In the past few years, using Machine and Deep Learning techniques has become more and more viable, thanks to the availability of tools which allow people without specific knowledge in the realm of data science and complex networks to build AIs for a variety of research fields. This process has encouraged the adoption of such techniques, e.g. in the context of High Energy Physics. In order to facilitate the translation of Machine Learning (ML) models to fit in the usual workflow for programming FPGAs, a variety of tools have been developed. One example is the HLS4ML toolkit, which allows the translation of Neural Networks (NN) built using tools like TensorFlow to a High-Level Synthesis description (e.g. C++) in order to implement this kind of ML algorithms on FPGAs.

This paper presents the activity running at the University of Bologna and INFN-Bologna devoted to preliminary studies for the trigger systems of the Compact Muon Solenoid experiment at the CERN LHC accelerator. An open-source project from Xilinx called PYNQ is being tested combined with the HLS4ML toolkit. The PYNQ purpose is to grant designers the possibility to exploit the benefits of programmable logic and microprocessors using the Python language. The use of cloud computing in this work allows us to test the capabilities of this workflow, from the creation and training of a Neural Network and the creation of a HLS project using HLS4ML, to managing NN inference with custom Python drivers.

The main application explored in this work lives in the context of the trigger system of the CMS, where new reconstruction algorithms are being developed due to the advent of the High-Luminosity phase of the LHC.

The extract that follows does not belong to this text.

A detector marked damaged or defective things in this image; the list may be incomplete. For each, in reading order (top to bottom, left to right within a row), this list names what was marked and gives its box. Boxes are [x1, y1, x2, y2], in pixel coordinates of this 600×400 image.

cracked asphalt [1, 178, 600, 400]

| 41st International Conference on High Energy physics - ICHEP2022 |
|------------------------------------------------------------------|
| 6-13 July, 2022                                                  |
| Bologna, Italy                                                   |
|                                                                  |

<sup>\*</sup>Speaker

# 1. Field Programmable Gate Array

Field Programmable Gate Arrays (FPGAs) [1, 2] are devices that implement circuits just like hardware, providing huge power, area and performance benefits over software, yet they can be reprogrammed cheaply and easily to implement a wide range of tasks.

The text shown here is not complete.